* Task directions *
What's wanted is each entry repeated verbatim, minus its images.

* Exercise inputs *

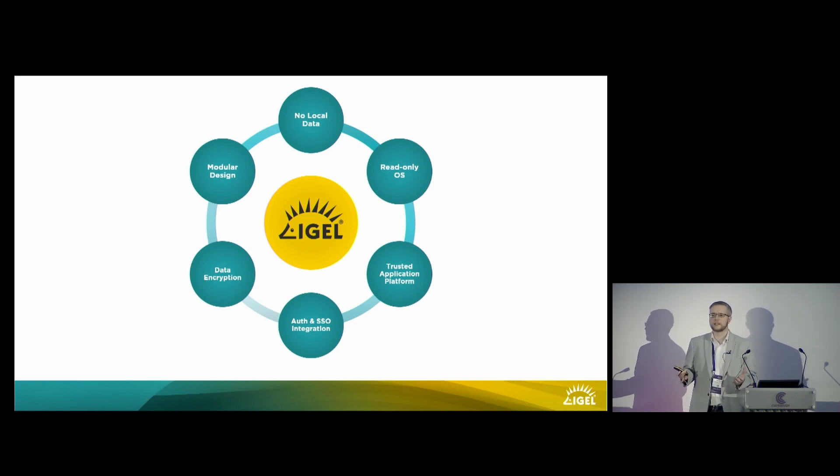The later versions of IGEL OS are also completely modular, giving you the capability to deploy only the exact components you need to facilitate your end users' workflows. This keeps the attack surface nice and small, keeps everything concise, and keeps everything light and running in a performant manner as well.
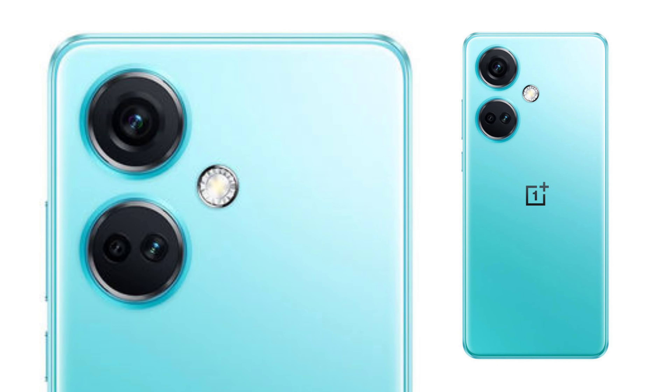This smartphone uses LPDDR5 RAM and UFS 3.1 storage — base RAM is 8GB with 128GB storage, and 12GB RAM with 256GB storage is also available. For the camera, a decent setup with a primary 50MP sensor with optical image stabilization, Sony sensor, 8MP ultra-wide camera, 2MP macro, and a 16MP selfie camera. Rear video supports 4K at 30FPS, and selfie at 1080p 30FPS.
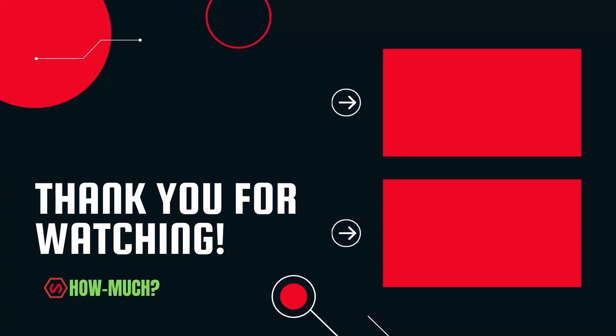Thank you guys for watching. Don't forget to like, comment, and subscribe. Let me know who the next YouTuber you want me to do next.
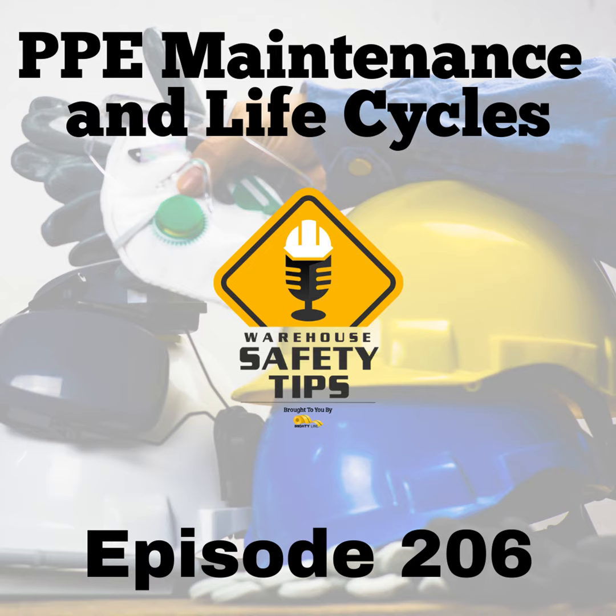We hope you enjoyed this episode of Warehouse Safety Tips. If you visit WarehouseSafetyTips.com, you'll find the show notes for this episode and access to all of our blog posts, previous podcasts, advertiser information, and much more. Thank you for listening to Warehouse Safety Tips and have a safe day.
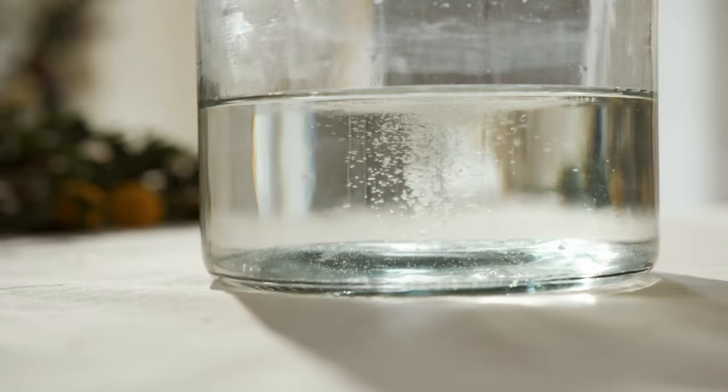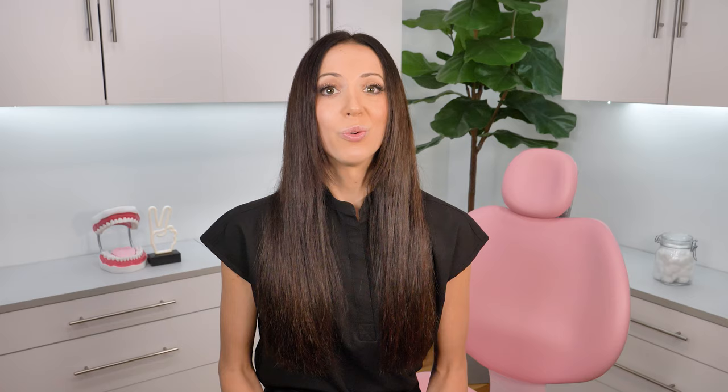Something else you can try is a saltwater rinse. Fill a glass of warm water and dilute a teaspoon of table salt in it. Rinse with it for several seconds, spit, and then rinse again with more until you've worked your way through the entire glass. You can repeat this process as needed.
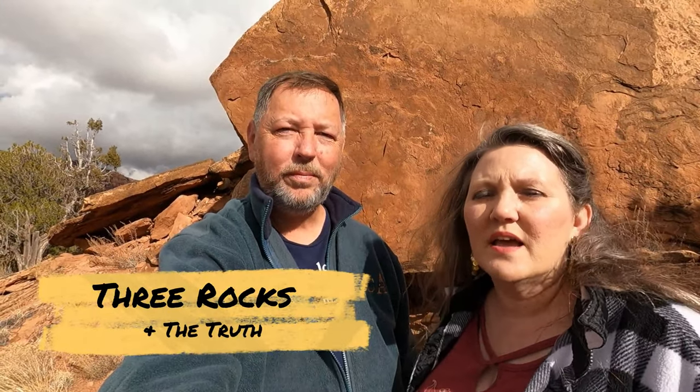Hey guys, welcome back to our channel Natural State Rebels. Today's video we're exploring Utah and we're looking for three rocks and the truth. Stick around and find out what that's all about.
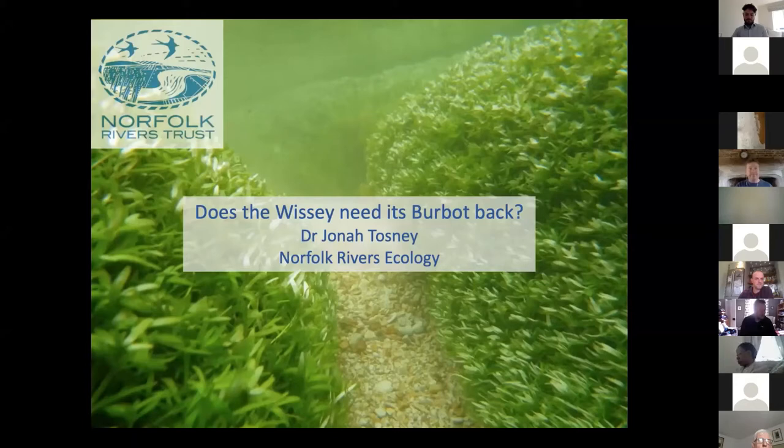I'm Jonah from Norfolk Rivers Trust. Thank you very much for having me. I've been invited to talk about something that we've been working on for actually probably eight years, that I feel we're edging closer and closer to. We're looking at East Anglia and Fenland and the Cam's great lost fish, the burbot. It's rapidly over the last three years become something that really seems quite achievable and sensible.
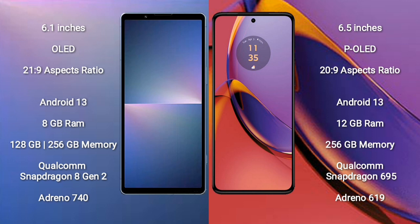Sony Xperia 5 Mark 5 comes with 8GB RAM and 128GB or 256GB internal storage, Qualcomm Snapdragon 8 Gen 2 processor, and GPU Adreno 740. Motorola Moto G84 comes with 12GB RAM and 256GB internal storage, Qualcomm Snapdragon 695 processor, and GPU Adreno 619.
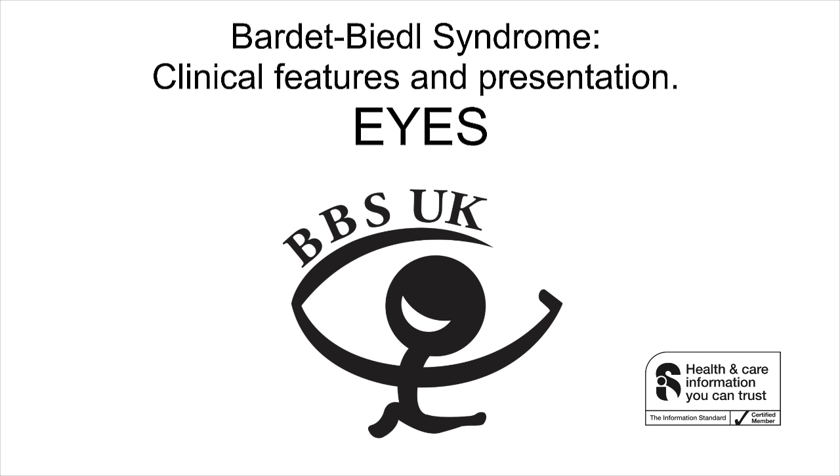BBS patient: No one should ever put limitations on what they think someone will be able to accomplish just because of a diagnosis of BBS. When I was 16, I went to the West of England College in Exeter. At the college I learnt how to be independent, doing such things as cooking, cleaning and shopping. I also completed courses in further education, including an NVQ in administration, and did work experience placements. I love living independently and being able to see my friends and go where I want. I feel that I have achieved a lot so far in my life, and I look forward to enjoying life to the full.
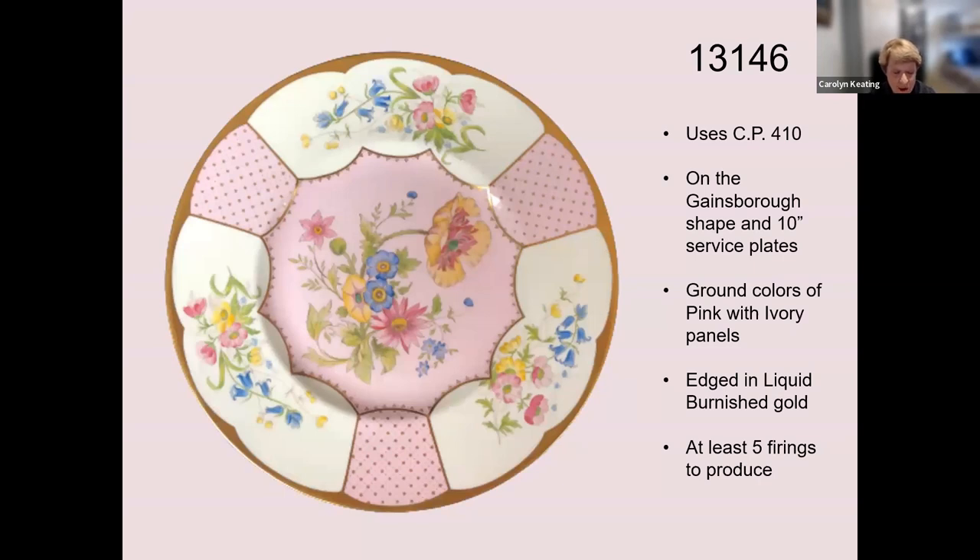Pattern 13146 uses the same large anemone as the Old Bow pattern in the center of the plate and was introduced around 1940. When Ray Reynolds was visiting the US for the 2006 Shelley conference, he examined this plate and exclaimed that it took five firings to make it — each of the ground colors, the enameling, and gold required a separate firing. Because ware is susceptible to breakage each time it is fired, many are lost, thus multiple firings raise the cost. I'm lucky enough to have a pair of these plates.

* Solution for this exercise *
The later versions of IGEL OS are also completely modular, giving you the capability to deploy only the exact components you need to facilitate your end users' workflows. This keeps the attack surface nice and small, keeps everything concise, and keeps everything light and running in a performant manner as well.
This smartphone uses LPDDR5 RAM and UFS 3.1 storage — base RAM is 8GB with 128GB storage, and 12GB RAM with 256GB storage is also available. For the camera, a decent setup with a primary 50MP sensor with optical image stabilization, Sony sensor, 8MP ultra-wide camera, 2MP macro, and a 16MP selfie camera. Rear video supports 4K at 30FPS, and selfie at 1080p 30FPS.
Thank you guys for watching. Don't forget to like, comment, and subscribe. Let me know who the next YouTuber you want me to do next.
We hope you enjoyed this episode of Warehouse Safety Tips. If you visit WarehouseSafetyTips.com, you'll find the show notes for this episode and access to all of our blog posts, previous podcasts, advertiser information, and much more. Thank you for listening to Warehouse Safety Tips and have a safe day.
Something else you can try is a saltwater rinse. Fill a glass of warm water and dilute a teaspoon of table salt in it. Rinse with it for several seconds, spit, and then rinse again with more until you've worked your way through the entire glass. You can repeat this process as needed.
Hey guys, welcome back to our channel Natural State Rebels. Today's video we're exploring Utah and we're looking for three rocks and the truth. Stick around and find out what that's all about.
I'm Jonah from Norfolk Rivers Trust. Thank you very much for having me. I've been invited to talk about something that we've been working on for actually probably eight years, that I feel we're edging closer and closer to. We're looking at East Anglia and Fenland and the Cam's great lost fish, the burbot. It's rapidly over the last three years become something that really seems quite achievable and sensible.
Sony Xperia 5 Mark 5 comes with 8GB RAM and 128GB or 256GB internal storage, Qualcomm Snapdragon 8 Gen 2 processor, and GPU Adreno 740. Motorola Moto G84 comes with 12GB RAM and 256GB internal storage, Qualcomm Snapdragon 695 processor, and GPU Adreno 619.
BBS patient: No one should ever put limitations on what they think someone will be able to accomplish just because of a diagnosis of BBS. When I was 16, I went to the West of England College in Exeter. At the college I learnt how to be independent, doing such things as cooking, cleaning and shopping. I also completed courses in further education, including an NVQ in administration, and did work experience placements. I love living independently and being able to see my friends and go where I want. I feel that I have achieved a lot so far in my life, and I look forward to enjoying life to the full.
Pattern 13146 uses the same large anemone as the Old Bow pattern in the center of the plate and was introduced around 1940. When Ray Reynolds was visiting the US for the 2006 Shelley conference, he examined this plate and exclaimed that it took five firings to make it — each of the ground colors, the enameling, and gold required a separate firing. Because ware is susceptible to breakage each time it is fired, many are lost, thus multiple firings raise the cost. I'm lucky enough to have a pair of these plates.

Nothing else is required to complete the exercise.